Manuel Sardo, 65 anos, casado com Mariana Sardo, duas filhas, eletricista, é um dedicado servidor da comunidade paroquial, com uma indesmentível capacidade de trabalho. Homem sereno, normalmente sorridente, faz parte do Conselho Económico e Pastoral, desde o tempo da Comissão Fabriqueira, há nove anos. Como nos confessou, não gosta muito de ocupar cargos de chefia, mas está disponível para colaborar no que for preciso.


Quem costuma participar nos almoços organizados com o objetivo de angariar fundos para obras na igreja matriz ou para a construção da residência paroquial sabe que Manuel Sardo é o principal responsável por aquela iniciativa que se repete umas cinco vezes por ano, coordenando uma equipa de dez pessoas. Sem ser cozinheiro, admite que gosta de cozinhar, não o assustando o número de pessoas habitualmente elevado nestes almoços paroquiais, à volta de 150.
Manuel Sardo sabe que nos almoços, que se realizam no Centro Comunitário Mãe do Redentor, na Colónia Agrícola da Gafanha, os comensais têm de ser servidos condignamente. Por isso, esclarece que há muito cuidado na confeção das entradas, sopa e pratos previamente anunciados, porque, se tal acontecer, o povo continuará a aparecer.
Sobre estas ações, o nosso entrevistado salienta a sua necessidade para a comunidade paroquial, não só pelo convívio que proporciona, mas também pelas receitas que geram, já que o contributo anual dos paroquianos não é suficiente para as múltiplas despesas da Igreja. Tanto quanto é sabido, são frequentes as obras de reparação e manutenção, tal como as despesas do culto e salários, entre outras.

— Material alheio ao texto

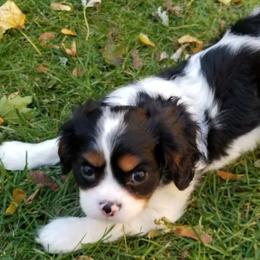 Cavalier King Charles Spaniels from Classic Cavalier Puppies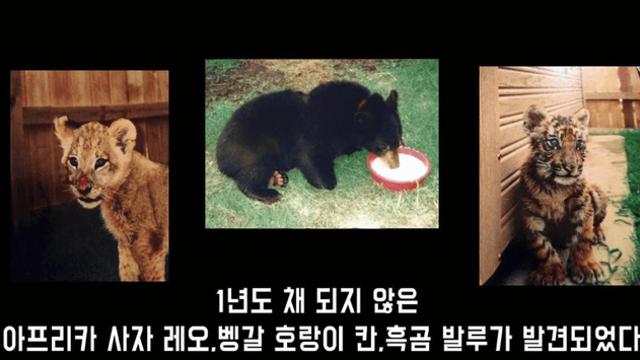 사자·곰·호랑이의 아주 특별한 우정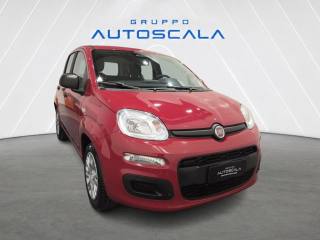 FIAT Pandina usata, con Antifurto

Questionado sobre os preparativos para um almoço, Manuel Sardo adianta que a equipa se debruça sobre o que tem de ser comprado para confecionar as entradas, a sopa e o prato, tendo em conta o número de inscritos no cartório e junto dos membros do Conselho Económico e Pastoral. Por norma, as sobremesas são oferecidas por alguns paroquianos. E adiantou alguns números: 300 gramas de carne por pessoa, quando se trata de rojões; 250 em dia de bifanas; 200 para a feijoada. Há ainda tudo o que é fundamental para a sopa, que tem de sair substancial e à moda da Gafanha. E as bebidas e o café nunca podem faltar. O pão é amassado e cozido pela equipa. Sublinhe-se, contudo, que a equipa dos almoços coze e vende pão, uns fins de semana antes, para cobrir despesas geradas pela compra dos mais diversos produtos. Assim, a receita final será maior.
Para além da cozinha, sempre trabalhosa e com exigências de higiene, os colaboradores têm de montar as mesas e servir, com delicadeza e arte, e no final têm que limpar tudo, arrumar e deixar o Centro Comunitário tão asseado como o encontraram.
Manuel Sardo, que ainda se envolve ativamente no Cortejo dos Reis, desempenhando nos autos natalinos o papel de Rei Herodes, há sete anos, confessa que gosta de representar e de ajudar em tudo o que pode nas iniciativas da comunidade, o que o ocupa bastante, garantindo que consegue tempo para tudo, apesar de, para além das suas ocupações profissionais, se dedicar à agricultura.